The sample included 30 pregnant women, aged between 18 and 37 years, and 30 men aged between 19 and 49 years. The pregnant women were at different gestational ages and were all booked at SB or MM; 20% were staying with their partners, 9% were employed and 21% had tertiary education. Only 15% of the men lived with their partners, 40% were employed and 22% had tertiary education.

Male sexual partners’ ANC involvement

Women understood male involvement in ANC to mean that their partners would accompany them to the clinic and be present during the medical consultation. They did not consider a man accompanying a woman to the clinic and staying outside the clinic as involvement. According to them, the situation at MM, where men were only allowed to wait outside the clinic, did not constitute male involvement. As some women eloquently put it:

If a man is not present during the medical consultation, he is not involved in ANC. [22 year-old, unemployed, unmarried mother of two, living with partner, SB]

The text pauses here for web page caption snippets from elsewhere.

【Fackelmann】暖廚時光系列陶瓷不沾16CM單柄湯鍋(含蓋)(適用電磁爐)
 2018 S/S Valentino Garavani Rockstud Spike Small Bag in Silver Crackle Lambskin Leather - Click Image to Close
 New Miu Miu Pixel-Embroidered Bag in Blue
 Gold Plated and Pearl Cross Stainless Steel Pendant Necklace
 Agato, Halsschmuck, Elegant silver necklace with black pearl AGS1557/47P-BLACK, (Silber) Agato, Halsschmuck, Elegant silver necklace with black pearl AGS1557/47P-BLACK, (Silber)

Involvement means receiving the information provided by the clinic together and taking decisions about the pregnancy as a couple. You cannot be at the gate and say that you are involved in ANC; to be involved you have to be in there with the woman. [31 year-old, unemployed, married mother of two, living with husband, MM]

The importance of male ANC attendance

All women focus groups felt that it was necessary for men to attend ANC to support their partners. As one woman stated:

Pregnancy is not a woman-only thing. It is both a man's and a woman's thing. [29 year-old casual worker, mother of two, unmarried and not living with partner, SB]

The role of men is seen as supportive. All women felt that it was important for a man to know what was happening during pregnancy to his partner and baby; and that he should be responsible and supportive of his partner. In the words of one woman:

Men should stop thinking that their duty is only to make babies, they should grow up and support their pregnant partners. [23 year-old, unemployed, first pregnancy, unmarried and not living with pregnant partner, MM]

In contrast to the women, men did not think that ANC attendance by men was important. As one father stated:

I don't think it is necessary for men to go, I don't see my role there. [26 year-old, casual worker, father of two, unmarried and living with pregnant partner, MM]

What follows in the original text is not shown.